*** Input for this task Section Begins ***

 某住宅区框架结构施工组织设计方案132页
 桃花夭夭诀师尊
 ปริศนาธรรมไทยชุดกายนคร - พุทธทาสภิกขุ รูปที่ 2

*** Input for this task Section Ends ***
*** Input for this task Section Begins ***

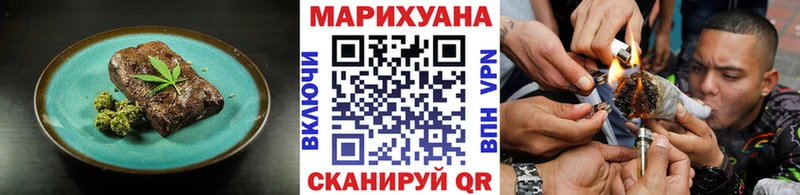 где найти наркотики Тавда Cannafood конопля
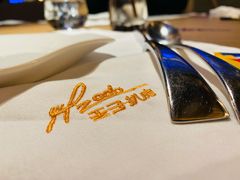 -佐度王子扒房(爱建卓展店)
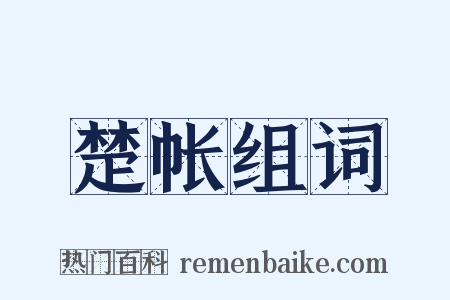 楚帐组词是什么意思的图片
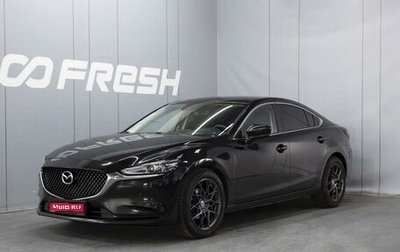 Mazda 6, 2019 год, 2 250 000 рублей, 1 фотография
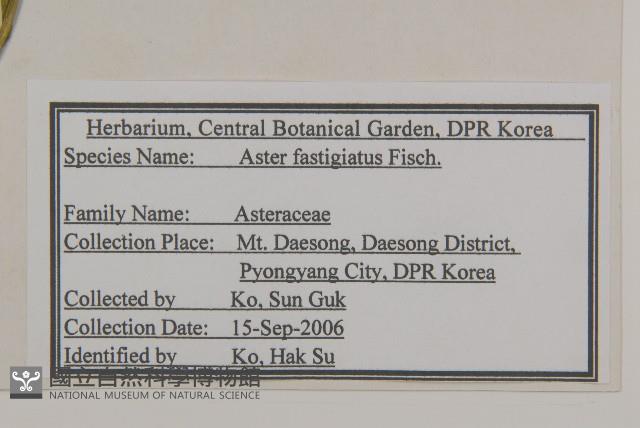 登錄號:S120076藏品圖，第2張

*** Input for this task Section Ends ***

#### Task goal
Copy out exactly the material that runs from the line with "楚帐组词是什么意思的图片" to the line with "登錄號:S120076藏品圖，第2張", ends included, and leave the pictures behind.

#### Answer space
 楚帐组词是什么意思的图片
 Mazda 6, 2019 год, 2 250 000 рублей, 1 фотография
 登錄號:S120076藏品圖，第2張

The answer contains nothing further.